### What you will do
All of the entries are to be restated word for word.

### Extracted records

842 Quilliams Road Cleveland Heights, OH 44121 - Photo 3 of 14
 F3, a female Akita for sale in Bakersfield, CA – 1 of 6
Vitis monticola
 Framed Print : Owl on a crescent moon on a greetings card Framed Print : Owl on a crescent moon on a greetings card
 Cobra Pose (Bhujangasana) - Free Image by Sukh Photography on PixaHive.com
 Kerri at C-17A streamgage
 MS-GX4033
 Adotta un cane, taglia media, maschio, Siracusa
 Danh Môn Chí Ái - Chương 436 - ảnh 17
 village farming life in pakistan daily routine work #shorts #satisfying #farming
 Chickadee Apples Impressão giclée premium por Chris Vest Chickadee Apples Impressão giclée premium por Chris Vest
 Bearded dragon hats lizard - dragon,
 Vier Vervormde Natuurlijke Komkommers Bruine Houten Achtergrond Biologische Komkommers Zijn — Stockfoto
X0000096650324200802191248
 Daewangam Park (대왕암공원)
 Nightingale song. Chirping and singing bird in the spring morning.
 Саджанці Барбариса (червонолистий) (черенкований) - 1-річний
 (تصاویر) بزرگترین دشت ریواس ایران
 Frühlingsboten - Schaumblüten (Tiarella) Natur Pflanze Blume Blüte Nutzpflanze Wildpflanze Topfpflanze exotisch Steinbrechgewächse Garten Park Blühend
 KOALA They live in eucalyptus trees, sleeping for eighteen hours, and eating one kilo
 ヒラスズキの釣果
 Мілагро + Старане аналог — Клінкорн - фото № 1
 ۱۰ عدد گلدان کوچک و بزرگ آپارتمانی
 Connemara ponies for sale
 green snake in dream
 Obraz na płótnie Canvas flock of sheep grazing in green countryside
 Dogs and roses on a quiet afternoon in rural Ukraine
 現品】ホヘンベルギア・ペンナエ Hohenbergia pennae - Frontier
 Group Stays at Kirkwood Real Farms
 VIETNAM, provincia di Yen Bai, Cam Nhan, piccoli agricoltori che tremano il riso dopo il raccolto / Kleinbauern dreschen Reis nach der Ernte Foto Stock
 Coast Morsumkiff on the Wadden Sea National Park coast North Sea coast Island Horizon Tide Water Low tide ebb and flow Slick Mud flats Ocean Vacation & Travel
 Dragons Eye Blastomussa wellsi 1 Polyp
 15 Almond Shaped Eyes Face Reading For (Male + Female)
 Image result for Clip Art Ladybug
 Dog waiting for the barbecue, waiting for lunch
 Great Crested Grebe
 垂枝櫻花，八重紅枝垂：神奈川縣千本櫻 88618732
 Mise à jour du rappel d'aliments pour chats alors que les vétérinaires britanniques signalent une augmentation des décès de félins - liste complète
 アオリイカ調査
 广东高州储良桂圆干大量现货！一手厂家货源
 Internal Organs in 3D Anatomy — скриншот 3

### Solution to the exercise
842 Quilliams Road Cleveland Heights, OH 44121 - Photo 3 of 14
 F3, a female Akita for sale in Bakersfield, CA – 1 of 6
Vitis monticola
 Framed Print : Owl on a crescent moon on a greetings card Framed Print : Owl on a crescent moon on a greetings card
 Cobra Pose (Bhujangasana) - Free Image by Sukh Photography on PixaHive.com
 Kerri at C-17A streamgage
 MS-GX4033
 Adotta un cane, taglia media, maschio, Siracusa
 Danh Môn Chí Ái - Chương 436 - ảnh 17
 village farming life in pakistan daily routine work #shorts #satisfying #farming
 Chickadee Apples Impressão giclée premium por Chris Vest Chickadee Apples Impressão giclée premium por Chris Vest
 Bearded dragon hats lizard - dragon,
 Vier Vervormde Natuurlijke Komkommers Bruine Houten Achtergrond Biologische Komkommers Zijn — Stockfoto
X0000096650324200802191248
 Daewangam Park (대왕암공원)
 Nightingale song. Chirping and singing bird in the spring morning.
 Саджанці Барбариса (червонолистий) (черенкований) - 1-річний
 (تصاویر) بزرگترین دشت ریواس ایران
 Frühlingsboten - Schaumblüten (Tiarella) Natur Pflanze Blume Blüte Nutzpflanze Wildpflanze Topfpflanze exotisch Steinbrechgewächse Garten Park Blühend
 KOALA They live in eucalyptus trees, sleeping for eighteen hours, and eating one kilo
 ヒラスズキの釣果
 Мілагро + Старане аналог — Клінкорн - фото № 1
 ۱۰ عدد گلدان کوچک و بزرگ آپارتمانی
 Connemara ponies for sale
 green snake in dream
 Obraz na płótnie Canvas flock of sheep grazing in green countryside
 Dogs and roses on a quiet afternoon in rural Ukraine
 現品】ホヘンベルギア・ペンナエ Hohenbergia pennae - Frontier
 Group Stays at Kirkwood Real Farms
 VIETNAM, provincia di Yen Bai, Cam Nhan, piccoli agricoltori che tremano il riso dopo il raccolto / Kleinbauern dreschen Reis nach der Ernte Foto Stock
 Coast Morsumkiff on the Wadden Sea National Park coast North Sea coast Island Horizon Tide Water Low tide ebb and flow Slick Mud flats Ocean Vacation & Travel
 Dragons Eye Blastomussa wellsi 1 Polyp
 15 Almond Shaped Eyes Face Reading For (Male + Female)
 Image result for Clip Art Ladybug
 Dog waiting for the barbecue, waiting for lunch
 Great Crested Grebe
 垂枝櫻花，八重紅枝垂：神奈川縣千本櫻 88618732
 Mise à jour du rappel d'aliments pour chats alors que les vétérinaires britanniques signalent une augmentation des décès de félins - liste complète
 アオリイカ調査
 广东高州储良桂圆干大量现货！一手厂家货源
 Internal Organs in 3D Anatomy — скриншот 3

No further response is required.